### Goal of the exercise
Restate, exactly as written, the entries below from the line that holds "411 Tule Lake Rd S Tacoma, WA 98444, 98444" through the line that holds "Crown Paradise Club". Pictures are not part of the copy.

### Material for the task
[Start of Attachment]

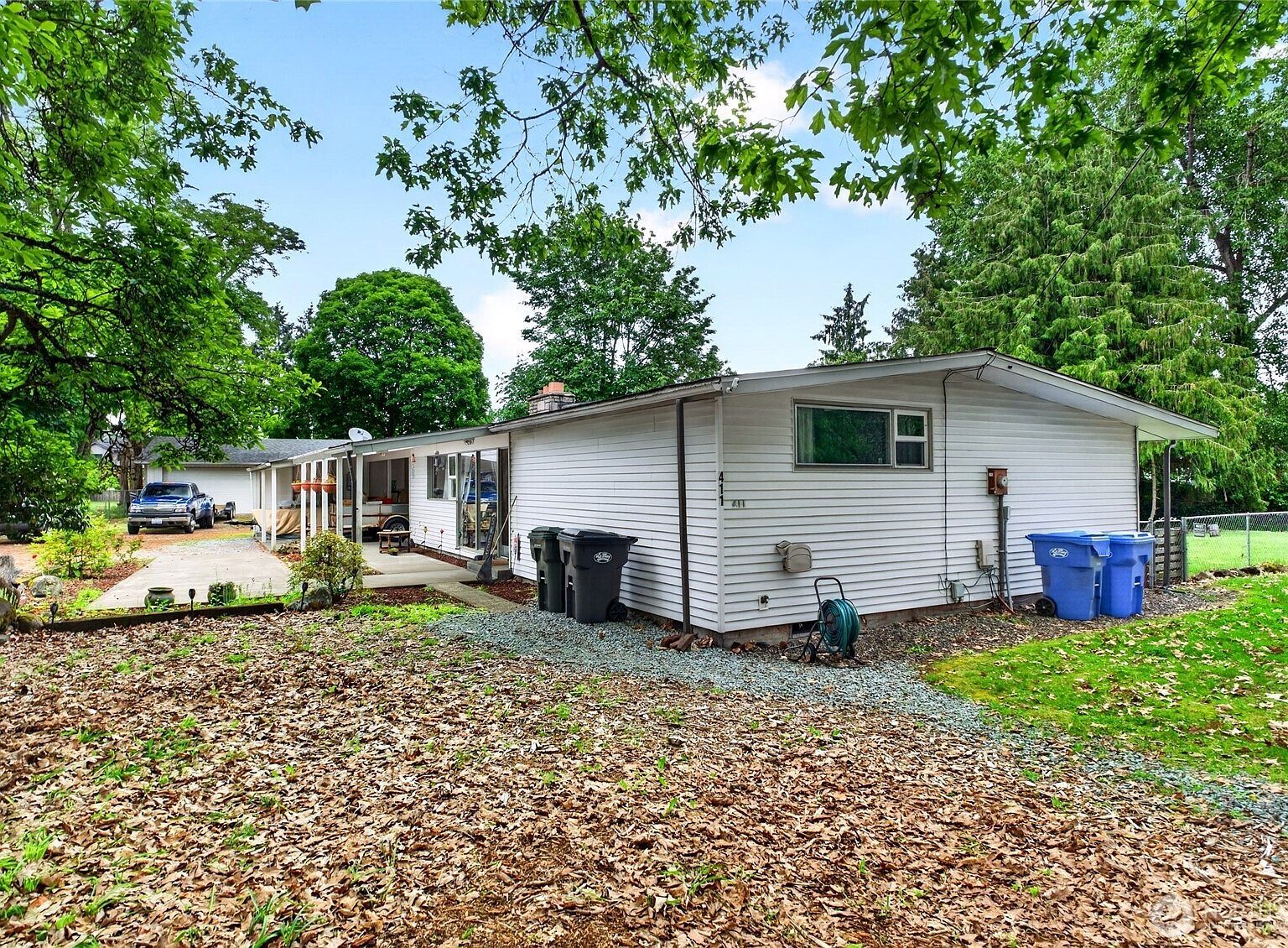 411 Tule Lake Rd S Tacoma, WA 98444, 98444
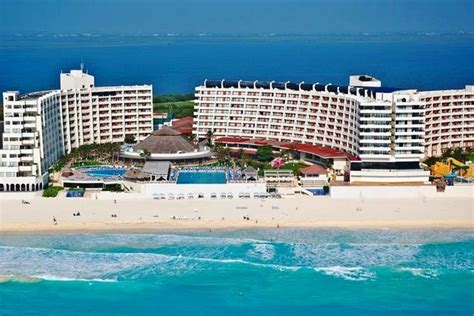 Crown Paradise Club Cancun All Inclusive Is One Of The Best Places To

[End of Attachment]
[Start of Attachment]

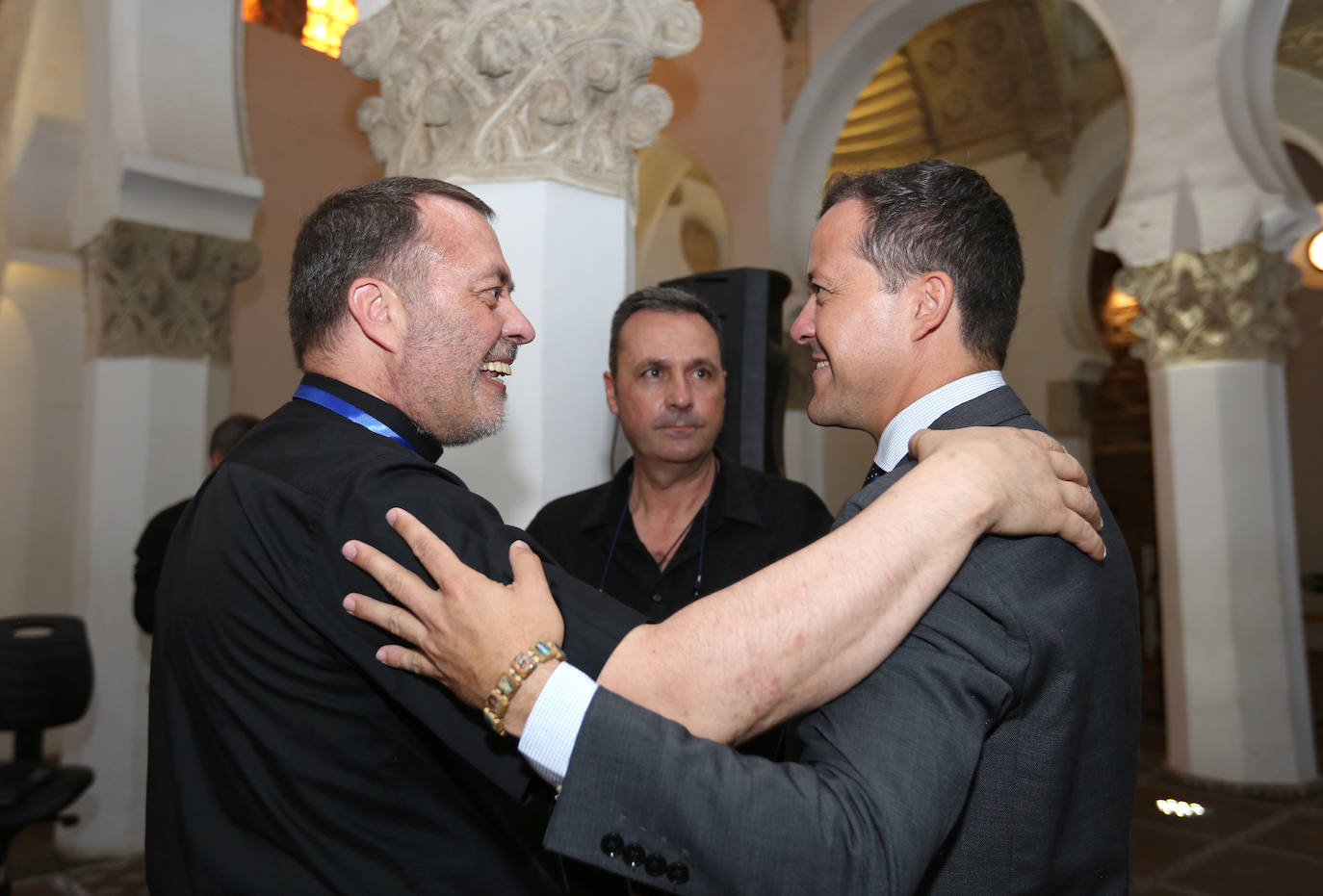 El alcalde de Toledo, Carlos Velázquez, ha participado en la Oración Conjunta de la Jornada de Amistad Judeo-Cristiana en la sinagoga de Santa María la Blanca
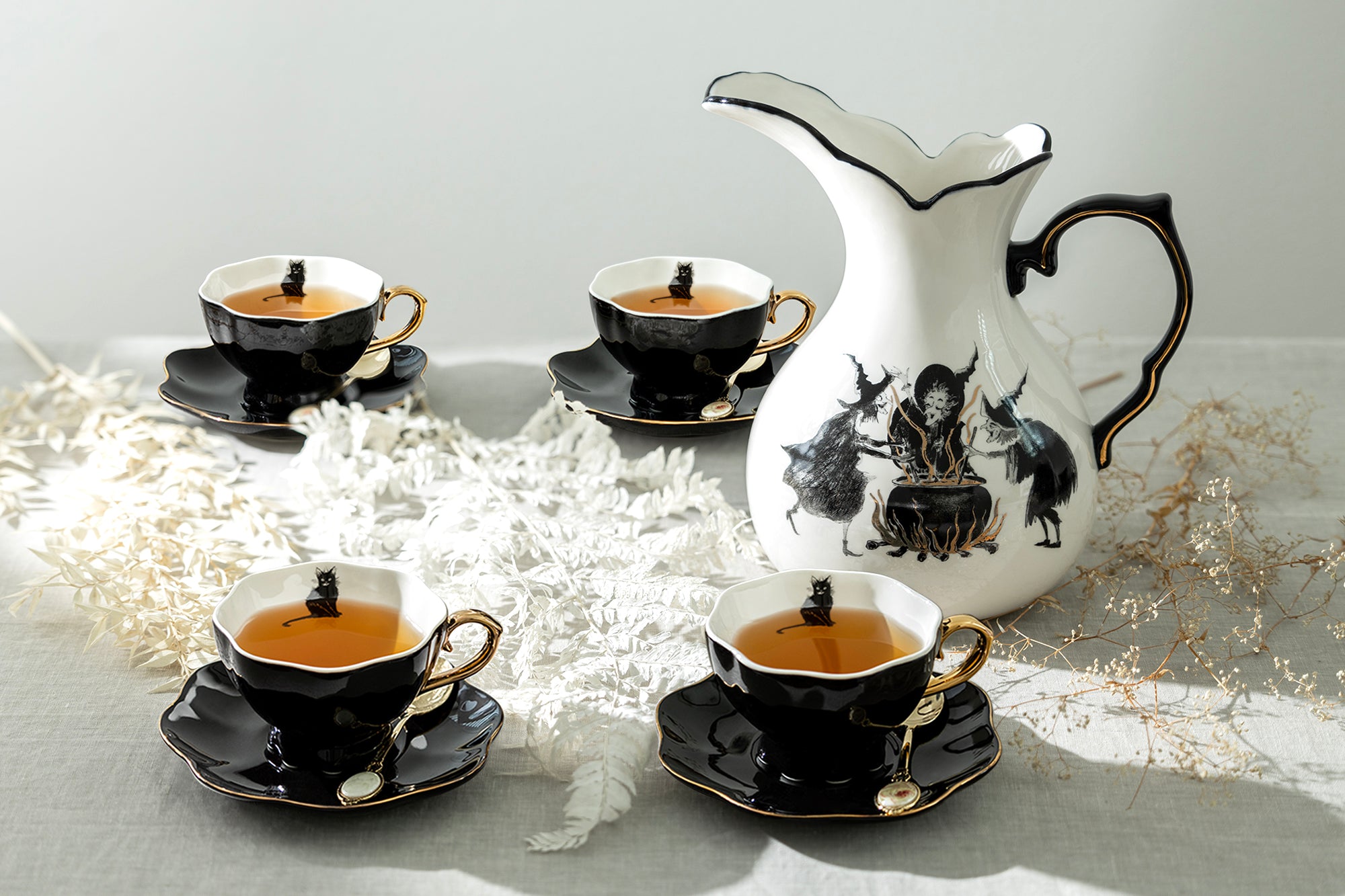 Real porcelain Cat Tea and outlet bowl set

[End of Attachment]
[Start of Attachment]

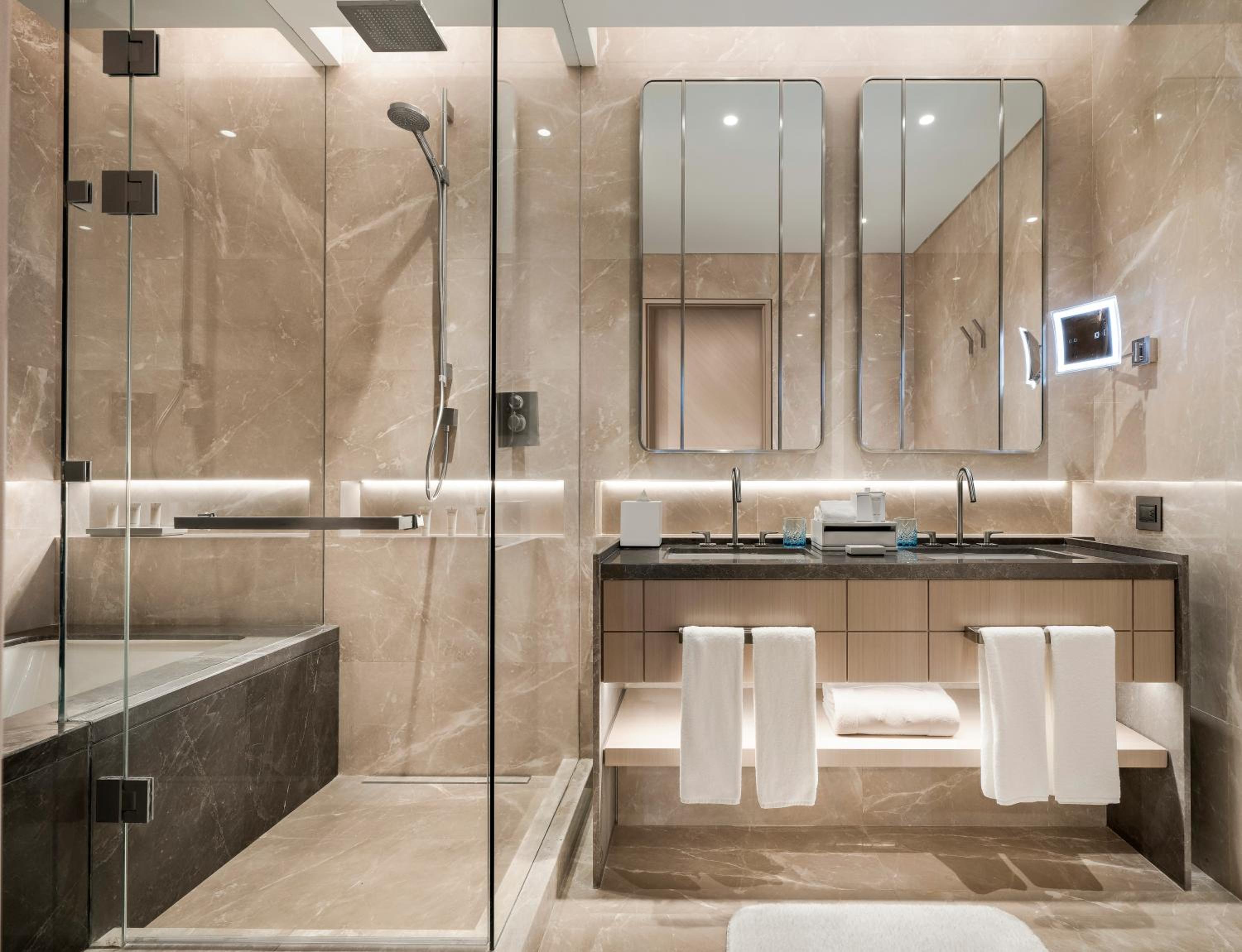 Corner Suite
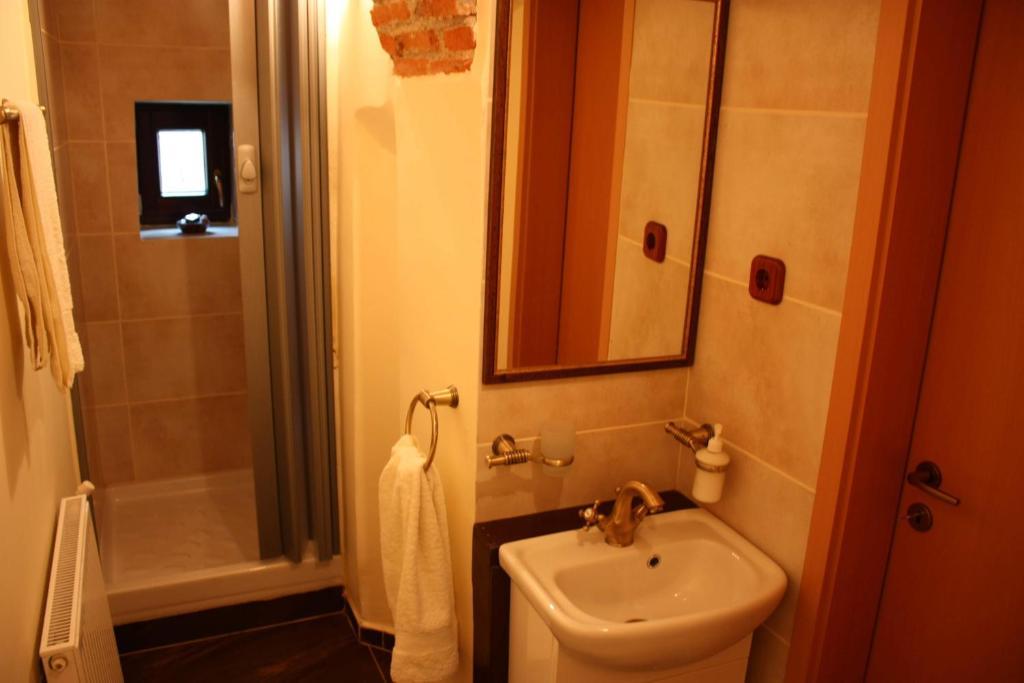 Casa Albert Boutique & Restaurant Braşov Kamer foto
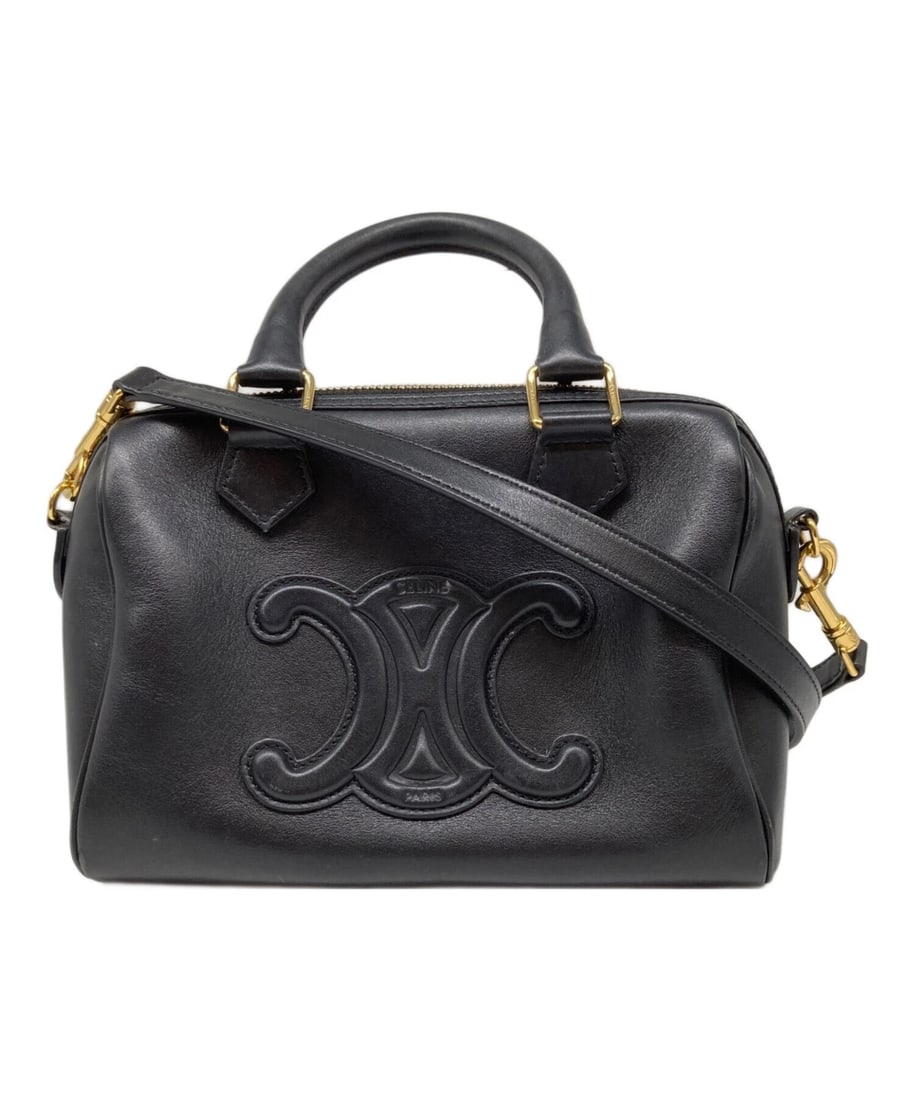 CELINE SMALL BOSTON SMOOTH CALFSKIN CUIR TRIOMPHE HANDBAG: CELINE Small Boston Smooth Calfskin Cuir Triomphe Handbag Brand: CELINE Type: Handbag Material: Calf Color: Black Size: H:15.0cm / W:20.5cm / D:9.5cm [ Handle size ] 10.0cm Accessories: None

[End of Attachment]

### Result
 411 Tule Lake Rd S Tacoma, WA 98444, 98444
 Crown Paradise Club Cancun All Inclusive Is One Of The Best Places To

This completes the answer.